Colombian Vice President Francisco Santos speaks during an interview with Reuters in Moscow June 5, 2008.

Credit: Reuters/Denis Sinyakov

BOGOTA | Mon Oct 19, 2009 3:10pm EDT

BOGOTA (Reuters) - Colombian prosecutors have reopened a probe into Vice President Francisco Santos over charges by a former paramilitary boss that he had sought to organize outlawed militias, an investigator said on Monday.

The attorney general opened an initial investigation into Santos in 2007 after a former warlord Salvatore Mancuso testified Santos had proposed in the late 1990s creating a paramilitary group to tackle rebels fighting around Bogota.

That probe was suspended for lack of evidence. But prosecutors reopened the investigation into Santos' suspected ties to militia bosses, extradited to the United States on drug trafficking charges, to put to rest any lingering suspicions.

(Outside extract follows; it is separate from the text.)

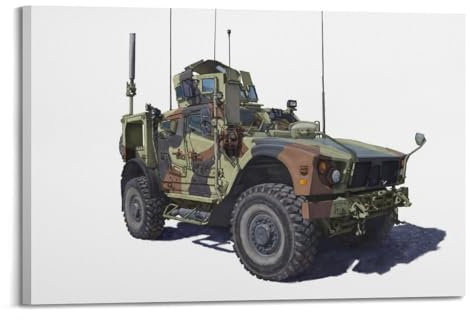FYUER M1240A1 Poster mit US-Militärfahrzeug, M-ATV, minenresistent, Hinterhalt, geschütztes Auto, dekorative Malerei, Leinwand, Wandkunstwerke, Bild, 20 x 30 cm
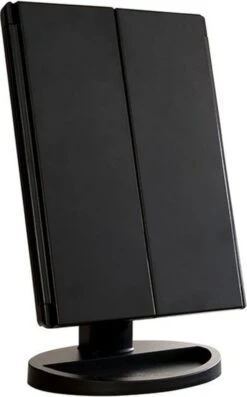 UNIQ Trifold Make Up Spiegel Met LED Verlichting En 2 Vergrootspiegels - Staande Spiegel - 21 LED-lampjes - Op Batterijen En USB (kabel Incl) - Zwart -Cosmetica Korting Winkel 746x1200 7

"It has been decided to continue with the initial investigation to clear up any doubts," acting Attorney General Guillermo Mendoza told local W Radio.

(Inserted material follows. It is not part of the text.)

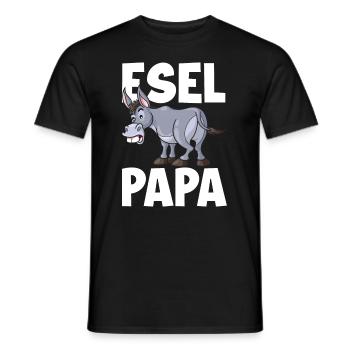 Esel Papa Eselliebhaber Esel Esel - Männer T-Shirt - Schwarz - Vorne - AI Model Male 178 light (178cm)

Santos, a former newspaper columnist, said he was open to cooperating in a "swift and efficient" investigation. But he urged that the probe not be abused politically to tarnish the government's image.

"I have never defended or been a friend of drug traffickers, paramilitaries, rebels or the corrupt," Santos said in a statement released by his office.

Colombia's long conflict has waned since President Alvaro Uribe sent troops to retake areas once under the sway of leftist rebels and outlawed militias organized to battle them in regions where state presence was weak.

Uribe in 2003 began negotiating the surrender of paramilitary commanders and has since extradited most of the top bosses to the United States. But dozens of his lawmaker allies have been probed for militia ties and some were jailed on charges they collaborated with the warlords.

SCANDALS FUEL CRITICISM

Organized by wealthy landowners to protect themselves from kidnapping and rebel attacks, the paramilitaries soon controlled large parts of Colombia, where they ruled brutally, massacring and stealing rich farmland from peasants.

Former militia boss Mancuso, testifying on his crimes as part of the peace deal, in May 2007 said Santos had met with militia bosses and discussed setting up a paramilitary group to counter rebel violence around the capital.

Santos was a journalist and columnist at the time Mancuso said the meeting took place and interviewed paramilitary bosses in the late 1990s.

Scandals over paramilitary ties have fueled criticism of Uribe at home and in the United States, where Democratic lawmakers have resisted a free-trade deal with Colombia and called for tighter control over military funding for Colombia.

Uribe says the arrests of his allies show Colombian justice now works better than ever. Rights groups say the scandal has unearthed the depth of collusion among militias and politicians and some elements in the armed forces.